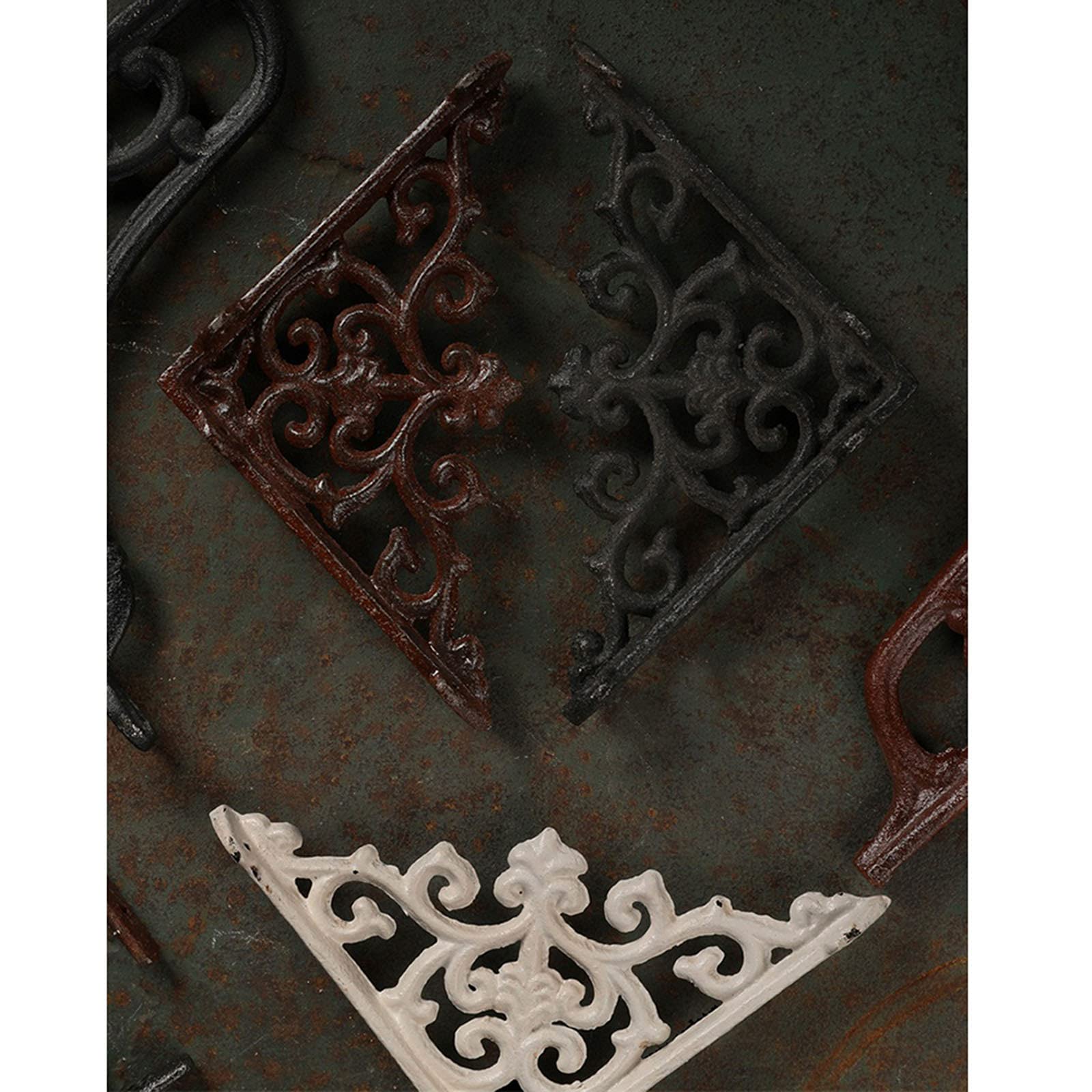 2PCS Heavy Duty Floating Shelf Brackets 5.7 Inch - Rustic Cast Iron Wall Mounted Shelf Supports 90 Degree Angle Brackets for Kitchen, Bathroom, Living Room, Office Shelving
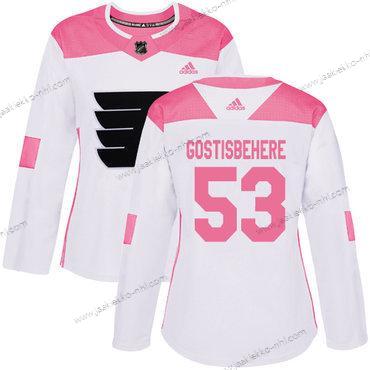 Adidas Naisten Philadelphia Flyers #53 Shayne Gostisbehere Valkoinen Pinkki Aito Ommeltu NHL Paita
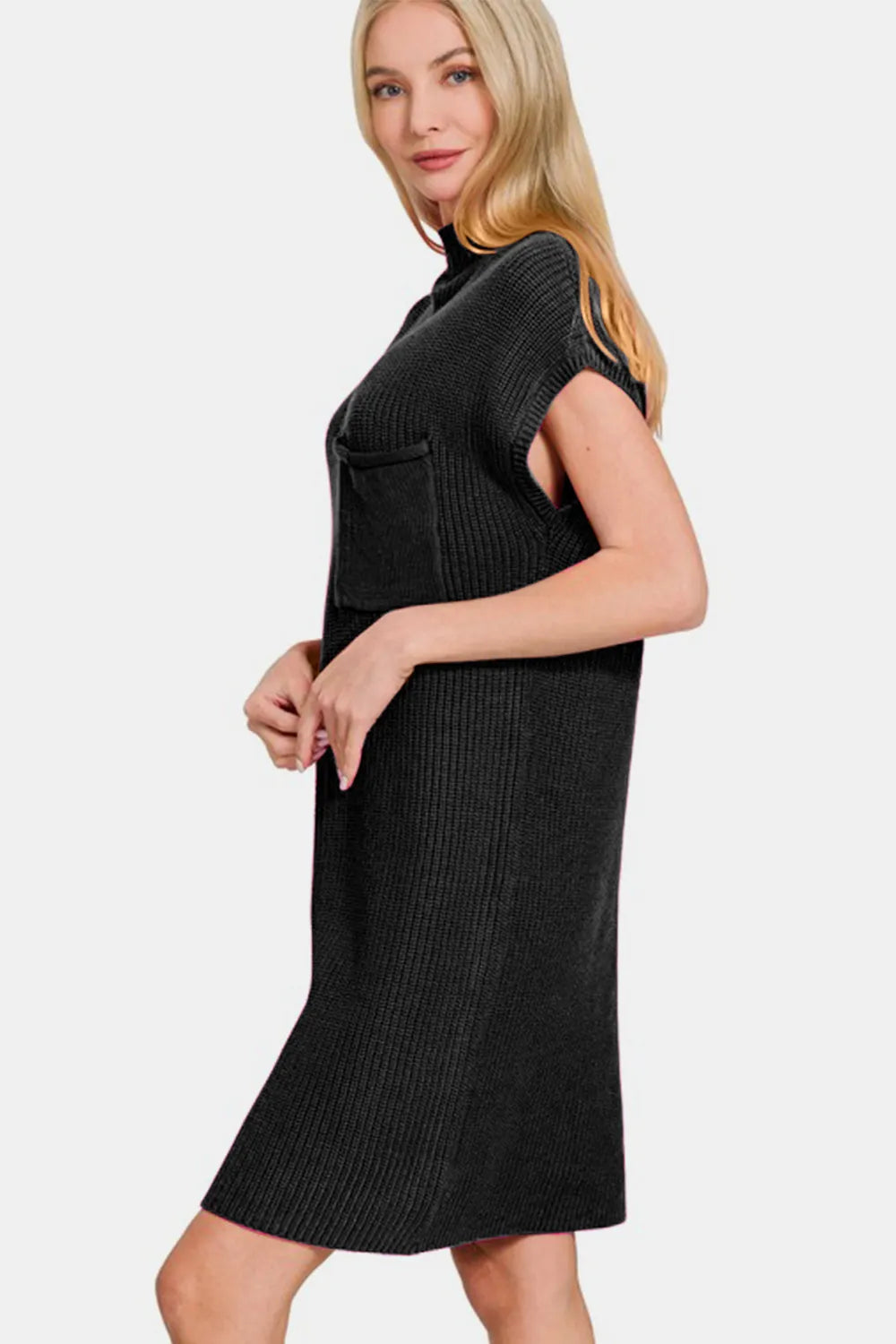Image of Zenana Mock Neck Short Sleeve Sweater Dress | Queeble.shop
- - -
== EXERCISE DETAILS ==
Only the pictures stay behind; everything else in the data above is to be retyped exactly.

== RESPONSE FOR THIS EXERCISE ==
 2PCS Heavy Duty Floating Shelf Brackets 5.7 Inch - Rustic Cast Iron Wall Mounted Shelf Supports 90 Degree Angle Brackets for Kitchen, Bathroom, Living Room, Office Shelving
 Adidas Naisten Philadelphia Flyers #53 Shayne Gostisbehere Valkoinen Pinkki Aito Ommeltu NHL Paita
Image of Zenana Mock Neck Short Sleeve Sweater Dress | Queeble.shop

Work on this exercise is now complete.